だが、その建物からは何か異常な雰囲気がそれにはあった。

でも確実に、なんとなく、僕を手招きしていたのはこの館だと分かった。


今まで住んでいた街でこんな建物は生まれて初めて見た…そう思うと同時に思い出す。

小学、中学時代に思い馳せたあの『都市伝説』。

もしそれが目の前の建物だとしたら…。


乾燥した口の中で生唾を飲み込み、少し怖いと思いながらも恐る恐るその建物に近づき、その扉の取手に手をかける。


本来ならこんな夜遅い時間に開店してる筈はないので開けようとしても開かない筈だが、それは開いた。

まるで「早く、こっちへおいでよ」とその建物が言っているかのように、僕はその館の中に足を踏み入れた。

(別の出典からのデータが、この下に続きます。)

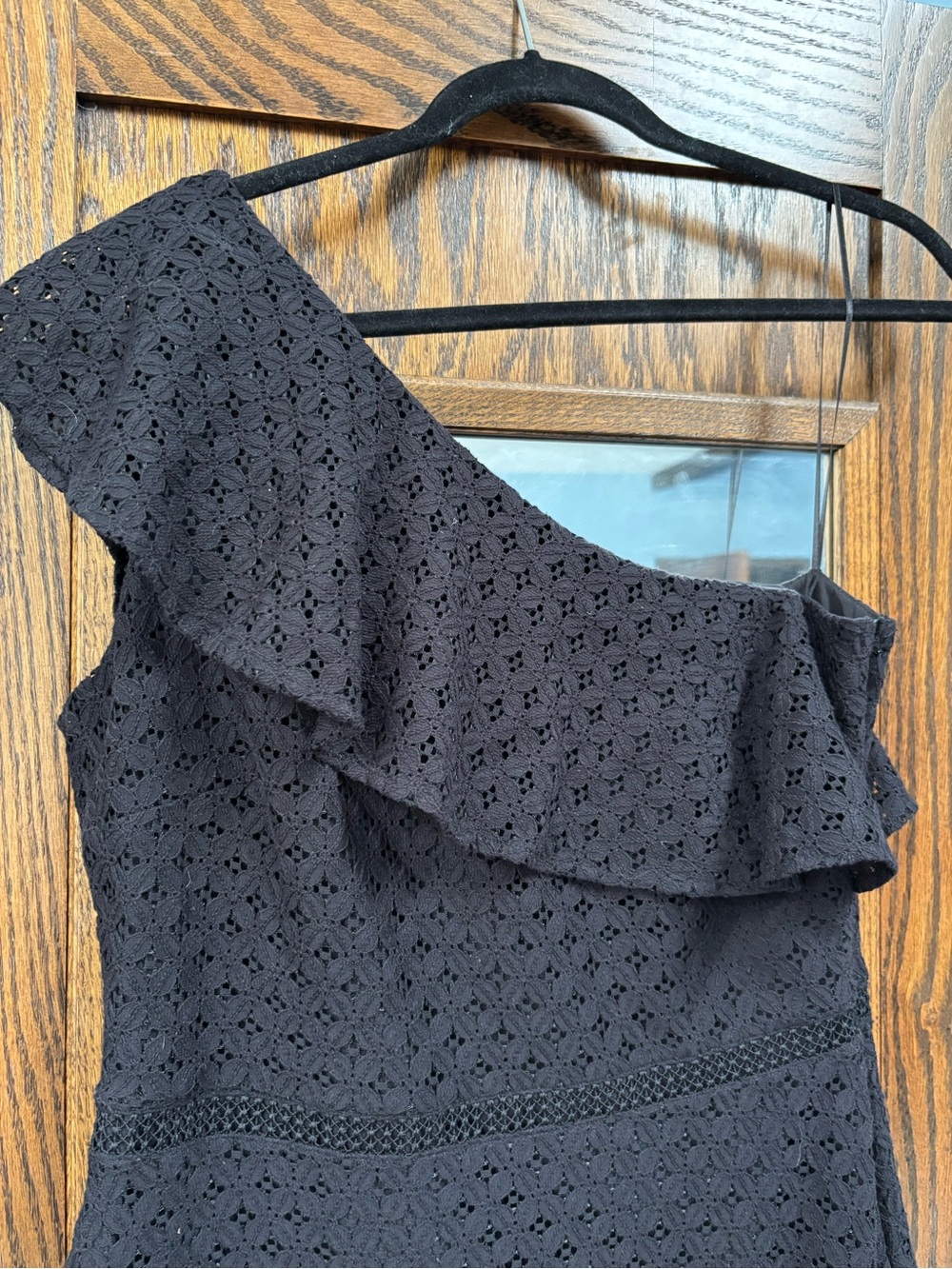 Banana Republic Black One-Shoulder Eyelet Ruffle Dress NWOT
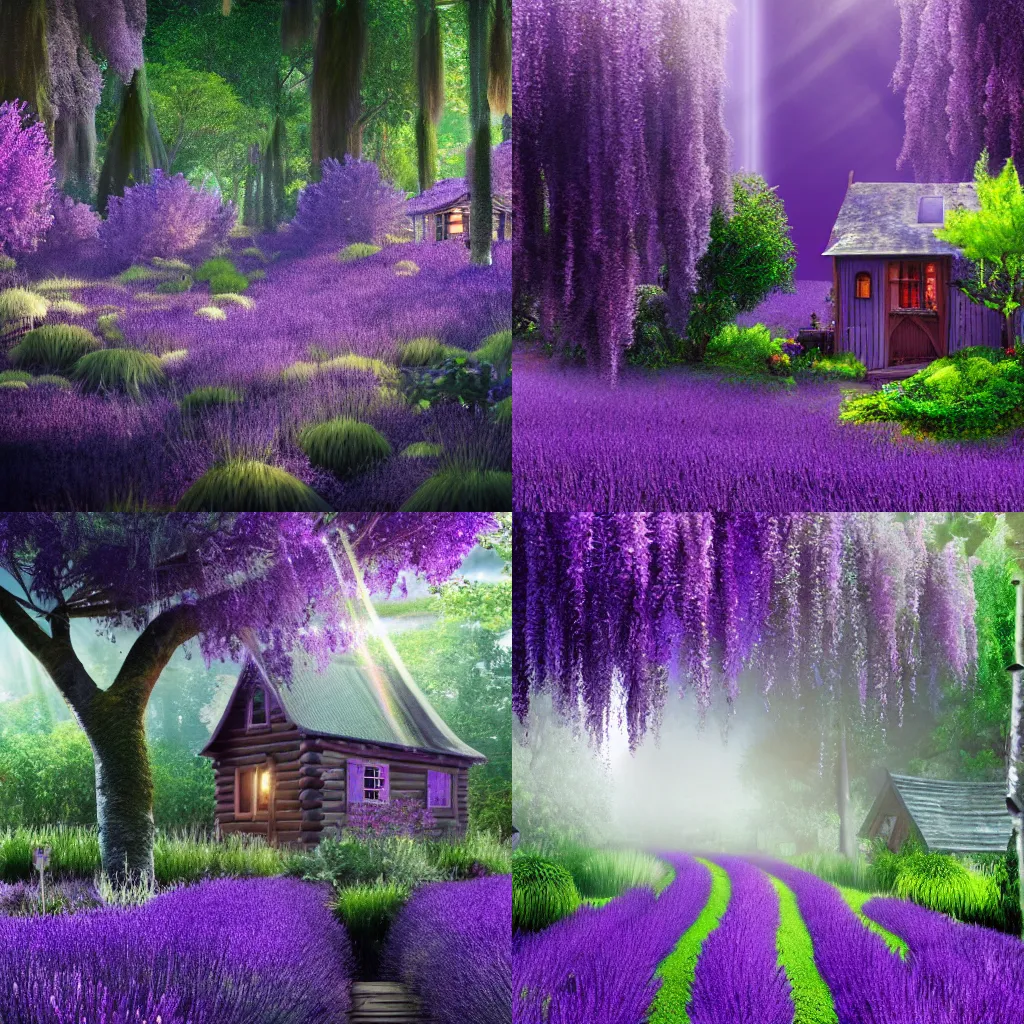 Prompt: a highly detailed photoreal lush garden sitting beneath weeping willows amongst purple lavender with a cabin nestled under the trees with with volumetric fog and god rays full of whimsy 8k hyper detailed photoreal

その館の中に入ってすぐ、目の前の景色に度肝を抜かれた。


本棚だ。目の前に数えきれないほどの本棚がある。


ここで一つ。

僕がさっき外で建物を見た時に感じた印象は「館のようにも見えるがそれにしては小さい」…そう感じた。

小さかったのだ。

だから建物の中も普通はそんなに広くない筈なのだ。


なのに、先が見えない。

先が見えない、というより奥が見えない。

正面も、左右も。

見えるのは一体何冊蔵書されているかも分からないような本棚の数々…

それも部屋全体。何冊もの本がその部屋というより空間を支配していた。


ここで僕に残された選択肢は二つ。

この異様な雰囲気に完全に呑み込まれる前にこの場から離れる。

もしくは、この異様な雰囲気に気圧されながらも好奇心につき動かされるままに奥へ進むか…。

結果は言うまでもない。勿論進むしかないだろう。

忘れかけていた好奇心。

せっかくここまで来たんだ。

これに関しては男性女性関係なくやはりワクワクしてしまう。